Pas d’extinction automatique du contrat par l’effet d’une clause résolutoire de plein droit
Cass. 3e civ. 3 juin 2015 n° 14-16.929
Le contrat contenant une clause résolutoire de plein droit n’est pas résolu à la date du manquement à l’obligation visée par la clause si le bénéficiaire de la clause ne manifeste pas son intention de la mettre en œuvre.
La vente d’un entrepôt avec bureaux avait été conclue sous la condition suspensive de l’obtention d’un prêt par l’acquéreur. Aux termes de l’acte de vente, l’acquéreur devait verser un dépôt de garantie de 30 000 €, la moitié le jour de la signature de l’acte et, à peine de résolution de la vente de plein droit sans formalités ni mise en demeure, le solde dans les quinze jours. L’acquéreur n’avait pas versé ce solde et, n’ayant pas obtenu son prêt, il avait sollicité la restitution des sommes déjà versées. Le vendeur avait alors demandé la résolution de la vente en invoquant la clause résolutoire précitée.
La Cour de cassation a rejeté la demande du vendeur.
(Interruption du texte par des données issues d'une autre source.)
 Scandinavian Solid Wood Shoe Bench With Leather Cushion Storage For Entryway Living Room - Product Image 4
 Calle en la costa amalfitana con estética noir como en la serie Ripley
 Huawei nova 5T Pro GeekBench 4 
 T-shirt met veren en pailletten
En effet, ce dernier ne s’était pas prévalu de la clause résolutoire dès l’expiration du délai de versement du solde du dépôt de garantie ; la promesse de vente était toujours en vigueur à la date à laquelle l’acquéreur s’était prévalu utilement de la défaillance de la condition suspensive ; en l’absence de toute manifestation de volonté du vendeur de mettre en œuvre la clause avant cette défaillance, celle-ci avait entraîné l’anéantissement du contrat et le vendeur ne pouvait plus se prévaloir de la clause résolutoire.
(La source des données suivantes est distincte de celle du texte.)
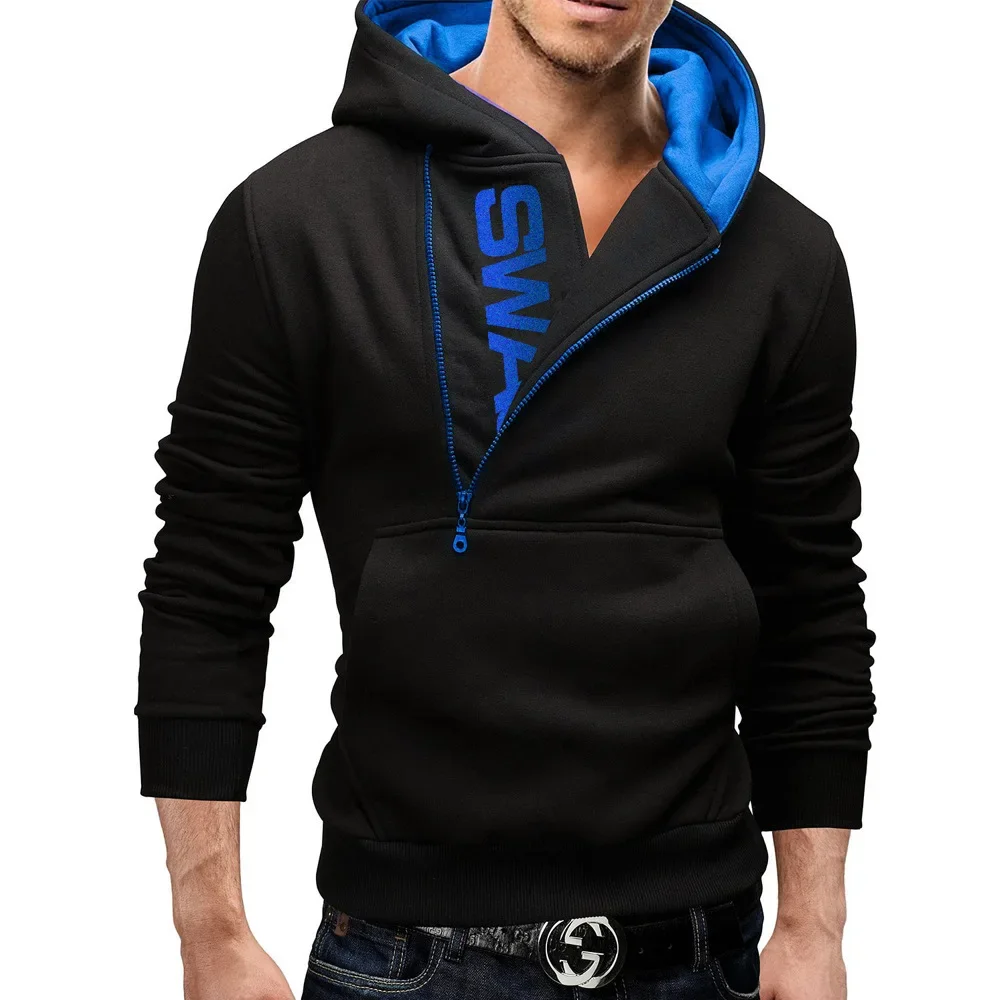 Spring Autumn Mens Casual Hoodies Slim Letter Printing Head Side Zipper Cashmere Sweater Fashion Male Outerwear Tops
Le vendeur a été condamné à restituer à l’acquéreur les sommes que celui-ci avait versées au titre dudépôt de garantie. La condition relative à l’obtention du prêt devait être considérée comme non réalisée, aucun manquement de l’acquéreur à son obligation de demander un prêt conforme aux termes de l’acte de vente n’étant établi.
A noter : 1° La clause résolutoire n’interdit pas à son bénéficiaire de demander l'exécution forcée du contrat (Cass. com. 18-6-1979 n° 77-11.295 : Bull. civ. IV n° 201). En conséquence, malgré l’inexécution de l’obligation qu’elle vise, la clause résolutoire n'est acquise que si son bénéficiaire a manifesté son intention de s'en prévaloir, la résolution intervenant à la date de cette manifestation (Cass. com. 3-6-1997 n° 93-21.322 : RJDA 11/97 n° 1314). En l’espèce, le vendeur n’ayant pas invoqué l’acquisition de la clause résolutoire après l’expiration du délai de quinze jours accordé à l’acquéreur pour verser le solde du dépôt de garantie, la vente n’était pas résolue. Par suite, contrairement à ce que soutenait le vendeur, la question de savoir si son inaction valait renonciation ou pas à la clause résolutoire ne se posait pas.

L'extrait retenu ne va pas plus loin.